Goal of the exercise: Give again, unchanged, the line that contains "Oba Femi poses" together with every line that follows it until the entries end.
##### Exercise data
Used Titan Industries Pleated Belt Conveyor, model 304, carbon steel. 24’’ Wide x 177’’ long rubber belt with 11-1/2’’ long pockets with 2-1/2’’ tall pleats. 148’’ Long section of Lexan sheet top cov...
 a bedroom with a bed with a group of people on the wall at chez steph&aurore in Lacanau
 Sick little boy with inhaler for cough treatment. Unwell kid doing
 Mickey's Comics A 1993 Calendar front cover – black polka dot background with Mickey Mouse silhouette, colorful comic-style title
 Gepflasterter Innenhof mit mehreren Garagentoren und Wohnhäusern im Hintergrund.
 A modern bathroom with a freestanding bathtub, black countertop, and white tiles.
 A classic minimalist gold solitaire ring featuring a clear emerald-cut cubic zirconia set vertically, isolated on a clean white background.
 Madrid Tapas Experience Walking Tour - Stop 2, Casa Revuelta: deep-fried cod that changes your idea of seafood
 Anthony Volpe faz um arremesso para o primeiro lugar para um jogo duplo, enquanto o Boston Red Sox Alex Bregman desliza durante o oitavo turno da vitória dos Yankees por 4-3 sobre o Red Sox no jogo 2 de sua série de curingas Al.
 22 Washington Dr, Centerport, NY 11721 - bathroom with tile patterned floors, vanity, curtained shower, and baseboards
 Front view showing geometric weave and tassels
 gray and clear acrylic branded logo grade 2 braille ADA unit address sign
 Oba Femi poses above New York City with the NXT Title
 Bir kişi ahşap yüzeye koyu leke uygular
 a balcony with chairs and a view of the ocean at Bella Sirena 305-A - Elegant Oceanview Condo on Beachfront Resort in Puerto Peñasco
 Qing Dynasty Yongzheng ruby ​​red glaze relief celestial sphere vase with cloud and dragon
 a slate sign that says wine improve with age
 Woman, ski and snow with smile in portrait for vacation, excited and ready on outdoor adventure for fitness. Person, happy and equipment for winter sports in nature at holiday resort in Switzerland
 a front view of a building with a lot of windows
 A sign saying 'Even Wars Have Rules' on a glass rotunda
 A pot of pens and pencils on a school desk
##########
Task output:
 Oba Femi poses above New York City with the NXT Title
 Bir kişi ahşap yüzeye koyu leke uygular
 a balcony with chairs and a view of the ocean at Bella Sirena 305-A - Elegant Oceanview Condo on Beachfront Resort in Puerto Peñasco
 Qing Dynasty Yongzheng ruby ​​red glaze relief celestial sphere vase with cloud and dragon
 a slate sign that says wine improve with age
 Woman, ski and snow with smile in portrait for vacation, excited and ready on outdoor adventure for fitness. Person, happy and equipment for winter sports in nature at holiday resort in Switzerland
 a front view of a building with a lot of windows
 A sign saying 'Even Wars Have Rules' on a glass rotunda
 A pot of pens and pencils on a school desk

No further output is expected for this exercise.